After we completely rewrite main.cpp
, we go on to define the interfaces of the classes for our little sample program. The Application
class, just like in the Python code samples, keeps everything together and controls the application behavior. BulletTask
only contains the static method that is used to perform simulation steps. A SmileyMotionState
is created for every new smiley created throughout the program's runtime. Motion state objects are a convenient way for Bullet to keep object transformations up-to-date as they provide a per-object callback mechanism that allows Bullet to inject new and updated data. Lastly, we define the interface of SmileyTask
, which is responsible for creating new smileys.

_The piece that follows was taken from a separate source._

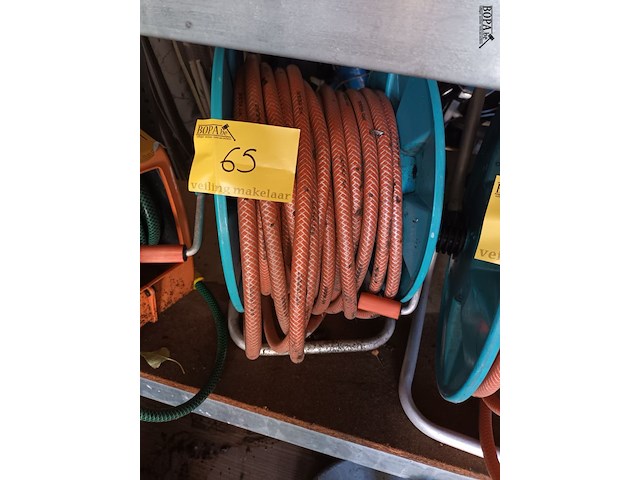Lot 65 - tuinslang gardena op haspel - afbeelding 1 van  2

The next thing we add is the implementation of SmileyTask
. In the static member function, we first retrieve the necessary objects from the context data we pass into the function using the data
parameter.
Additionally, we can observe how Bullet's interface for adding a new object to the simulation works. We need to combine a shape, mass, inertia, and motion state into a btRigidBodyConstructionInfo
object that we can also use to set the object's material parameters for bounciness and friction. This info is then used to construct the new object, which is then added to our physics world.
In the implementation of SmileyMotionState
, nothing too obscure is happening. The getter and setter methods return and set transformation data and where necessary convert between the data types of Bullet and Panda3D.
Bullet uses a different coordinate system than Panda3D. In Bullet's representation of the scene, the y-axis points up, while in Panda3D, the z-axis points up. Since they are different, in the sample code, the z- and y-axes are flipped to accommodate this situation.
The code in Application.cpp
is responsible for opening the application window and initializing the Panda3D framework. It also sets up Bullet's btDiscreteDynamicsWorld
and sets up the scene.